Happy Re-Formation Day! Yes, you heard me correctly. Happy Re-Formation
Day. I'm hoping that by putting the em-PHA-sis on the wrong
sy-LAB-le you will catch the spirit of this day's worship and
be carried along by it through the coming week.
A new book based on research by the California-based research
firm the Barna Group found that church attitudes [the way
Christians act toward the world around them] … are driving a
negative image of the Christian faith among people ages 16-29.
David Kinnaman, Barna Group president and author of the book
"UnChristian: What a New Generation Really Thinks About Christianity",
said one of the biggest surprises for researchers was the extent
to which respondents said that modern-day Christianity was no
longer like Jesus.
Kinnaman said some Christians … [are] prefer[ring] to call
themselves "followers of Jesus" or "apprentices of Christ"
because the word "Christian" could limit their ability to
relate to people.
Kinnaman also observed that, "When Jesus pursued people, he
was much more critical of pride and much more critical of
spiritual arrogance than he was of people who were sinful.
And today's Christians, if you spend enough time looking
at their attitudes and actions, really are not like Jesus
when it comes to that."
It’s no surprise to us is it? The church, which is not an
institution or organization but the people in it, namely
you and me, are constantly in need of re-formation. Look
at the folks Jesus was talking to in the Gospel for today.
“We are Abraham’s descendants and have never been slaves
to anyone. How can you say that we shall be set free?”
Church people have always struggled with pride and arrogance.
It is really a very simple story. In the beginning God created
the heavens and the earth. There, in the beginning, it says that
God formed man out of the dust of the earth and breathed into his
nostrils of breath of life and man became a living being. Male
and female he created them in His own image.
It is that very image of God that Jesus is after when He
says, “If you hold to my teaching you are really my disciples.
Then you will know the truth and the truth will set you free.”
The image of God imprinted on the soul of man is the freedom
to truly live.
Freedom is what the Re-formation is all about. God has designed
human beings so that we want to be free and to live free. Spiritually
free so that we are no longer afraid of death and a vengeful God
but free to die and then live with God for all eternity. Emotionally
free so that we are no longer haunted by the ghosts of our past or
the fears of our future; no longer hung-up on ourselves but free
to truly love others. Economically free so that we are no longer
worried about what we will eat or what we will wear but free to
be content in any an all circumstances.

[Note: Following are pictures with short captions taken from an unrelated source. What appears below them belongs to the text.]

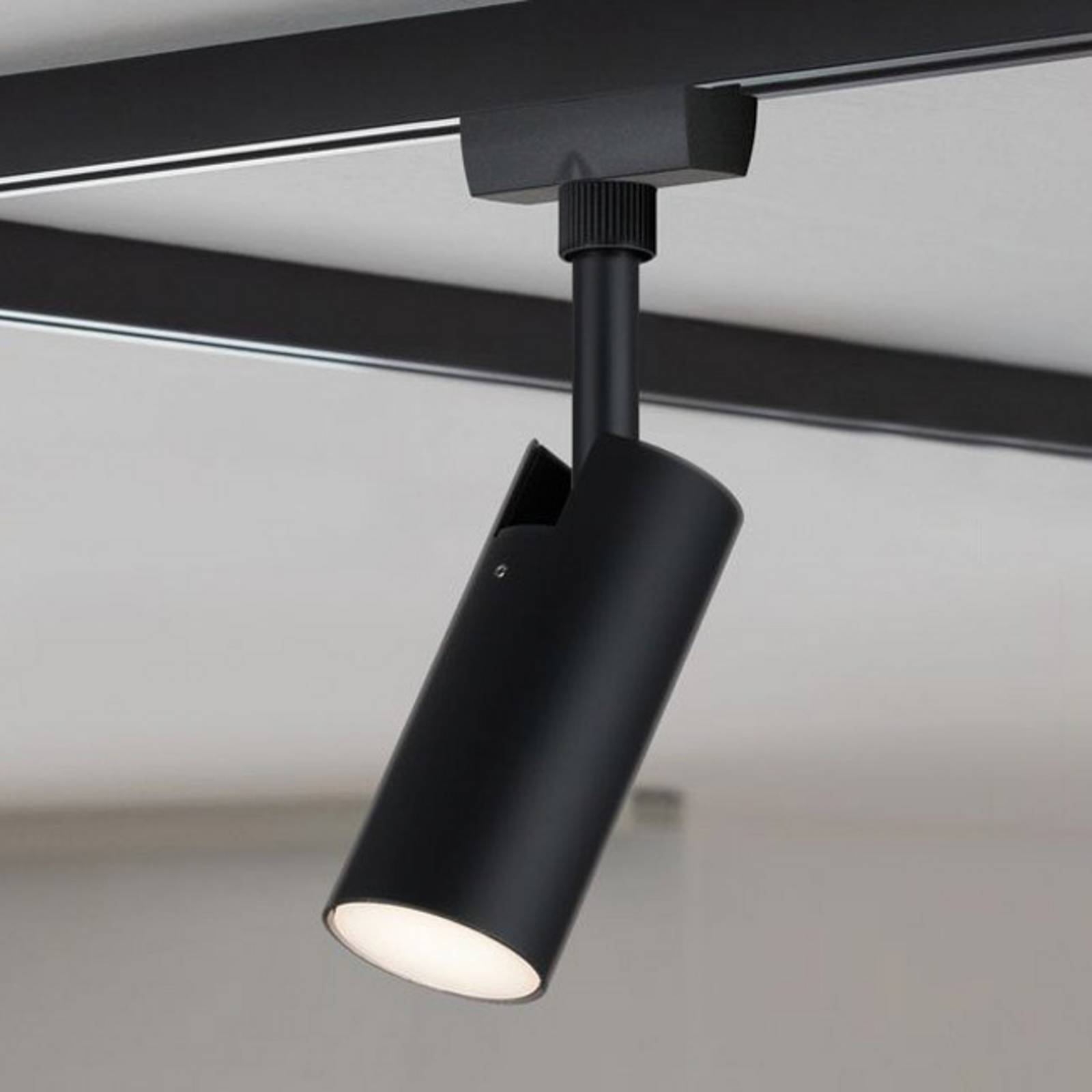 Paulmann URail LED-spotti Tubo musta 3 000 K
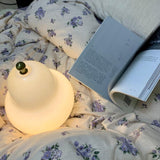 Vintage Inspired Pear Shaped Portable LED Table Lamp with Touch Dimming
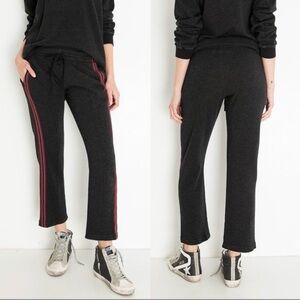Xirena Women's Taylor 100% Cotton Track Pants Joggers in Black Steel Size Small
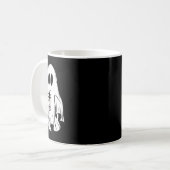 Little Ghost Ice Kaffee Spaß glücklich Halloween Kaffeetasse (Vorderseite Links)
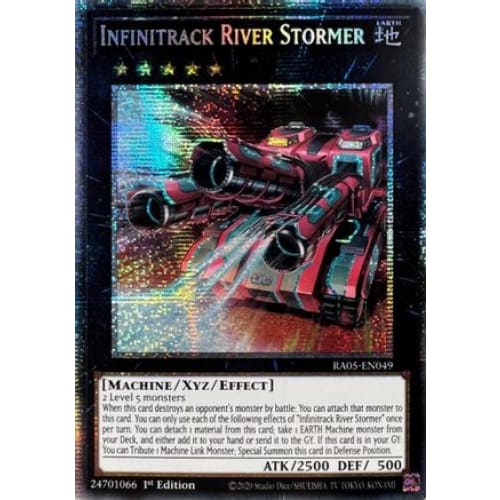 Infinitrack River Stormer (Starlight Rare) - RA05-EN049 Starlight Rare 1st Edition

Even politically free
so that we can live quiet and peaceable lives and not be manipulated
or persecuted by any corrupt system of church or state.

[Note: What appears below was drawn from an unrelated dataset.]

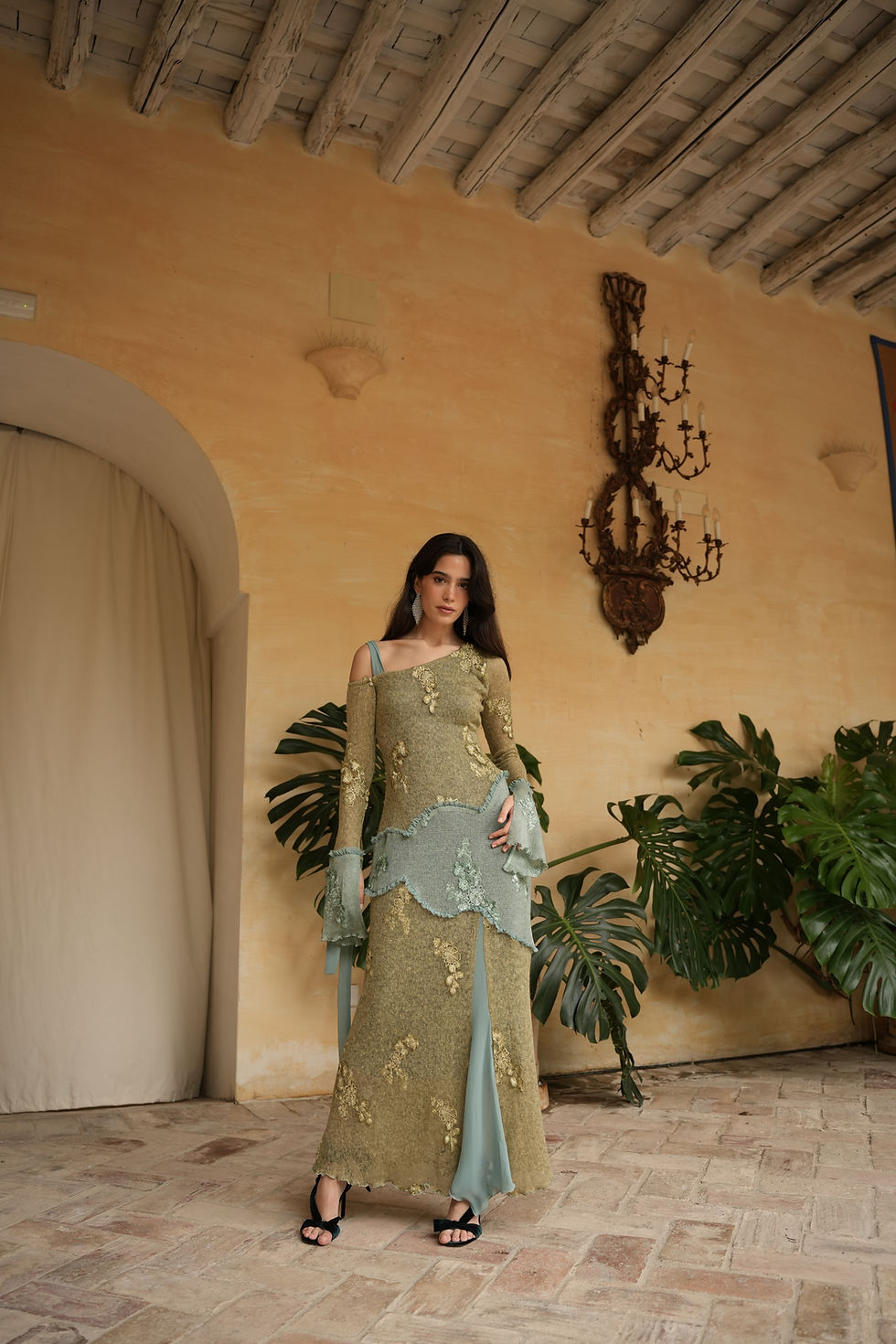 Miniatura: EL PRADO DRESS • Shades Of Green Version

Freedom, spiritually free, emotionally free, economically free,
politically free, we all want it. It is how we were designed by
God to live.
Today we celebrate the re-formation of a man named Martin Luther
whose rediscovery of true freedom altered the course of human
history. Luther was not free. He was a slave to his childhood,
to the culture of 1500’s that he grew up in, to the religious
practices of the church in his day. In a strict German household
where behavior was controlled by severe discipline Luther grew
up in fear of the punishment. In fact he lived in a world where
fear was the common currency of daily life. And sadly, the church
itself had become fear’s primary commodity, buying and selling
souls for a piece of paper called an indulgence which would free
grandma or grandpa from the fires of hell.

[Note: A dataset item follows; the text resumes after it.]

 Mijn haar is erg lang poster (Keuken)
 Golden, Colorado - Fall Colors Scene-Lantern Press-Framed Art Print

Luther’s re-formation began as he studied the New Testament of
the Bible as a young professor in the little town of Wittenberg
Germany. Amazingly he discovered that God was not angry and vengeful
seeking constantly to punish him for his wrong, but in fact a
merciful and kind heavenly Father who wanted more than anything
else to forgive and set him free to start living. Luther discovered
that God’s love and mercy for him was entirely free and inexhaustible.
He discovered that God did not want him to live in fear. As Luther
saturated himself in the Word, God’s Word, the Bible, he was set
free to be the kind of human being God intended him to be.
I don’t know about you, but that sounds incredibly refreshing to
me. It is so easy to get trapped in this culture, in the mindset
of 21st century America, chasing that deep down inner sense of
freedom that says now you’re really living. And there is so much
good stuff out there that promises satisfaction – hard work, a
high moral standard, a compassionate spirit seeking to do good
for others, and a plethora of preachers telling you if you only
try a little harder you will be able to achieve God’s blessing
and favor. Of course there is a lot of bad stuff out there too
that promises satisfaction the quick and easy way – look out
for yourself first, indulge every desire you can when you can,
eat, drink and be merry for tomorrow you may die.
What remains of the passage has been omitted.